= Histoire du Tango =

1985 composition by Argentine tango composer Ástor Piazzolla

Histoire du Tango is a composition by tango composer Ástor Piazzolla, originally scored for flute and guitar in 1985 and published in 1986. It is one of Piazzolla's best known compositions and is often played with different combinations, including violin or double bass substituted for the flute, and piano, harp or marimba substituted for the guitar.

== Background ==
Piazzolla aimed throughout his career to bring tango music the concert halls of Europe and America. His music teacher, Nadia Boulanger, encouraged him to apply the lessons of his study with her to tango music. Piazzolla's Histoire du Tango is his only work for flute and guitar – two instruments which were used to play tango music in its early period, the decades around the turn of the 20th century.

== Form ==
Histoire du Tango attempts to convey the history and evolution of the tango in four movements: Bordel 1900, Café 1930, Nightclub 1960, and Concert d'aujourd'hui. Piazzolla provided program notes that expand on the individual movements:

Bordel, 1900: The tango originated in Buenos Aires in 1882. It was first played on the guitar and flute.

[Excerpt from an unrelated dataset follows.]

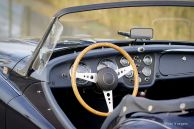 Triumph TR 3B, 1962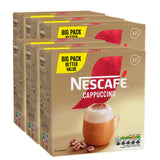 Nescafe Cappuccino Case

Arrangements then came to include the piano, and later, the concertina. This music is full of grace and liveliness. It paints a picture of the good natured chatter of the French, Italian, and Spanish women who peopled those bordellos as they teased the policemen, thieves, sailors, and riffraff who came to see them. This is a high-spirited tango.

Café, 1930: This is another age of the tango. People stopped dancing it as they did in 1900, preferring instead simply to listen to it. It became more musical, and more romantic. This tango has undergone total transformation: the movements are slower, with new and often melancholy harmonies. Tango orchestras come to consist of two violins, two concertinas, a piano, and a bass. The tango is sometimes sung as well.

Nightclub, 1960: This is a time of rapidly expanding international exchange, and the tango evolves again as Brazil and Argentina come together in Buenos Aires. The bossa nova and the new tango are moving to the same beat. Audiences rush to the night clubs to listen earnestly to the new tango. This marks a revolution and a profound alteration in some of the original tango forms.

Concert d'aujourd'hui (Modern-Day Concert): Certain concepts in tango music become intertwined with modern music. Bartok, Stravinsky, and other composers reminisce to the tune of tango music. This [is] today’s tango, and the tango of the future as well.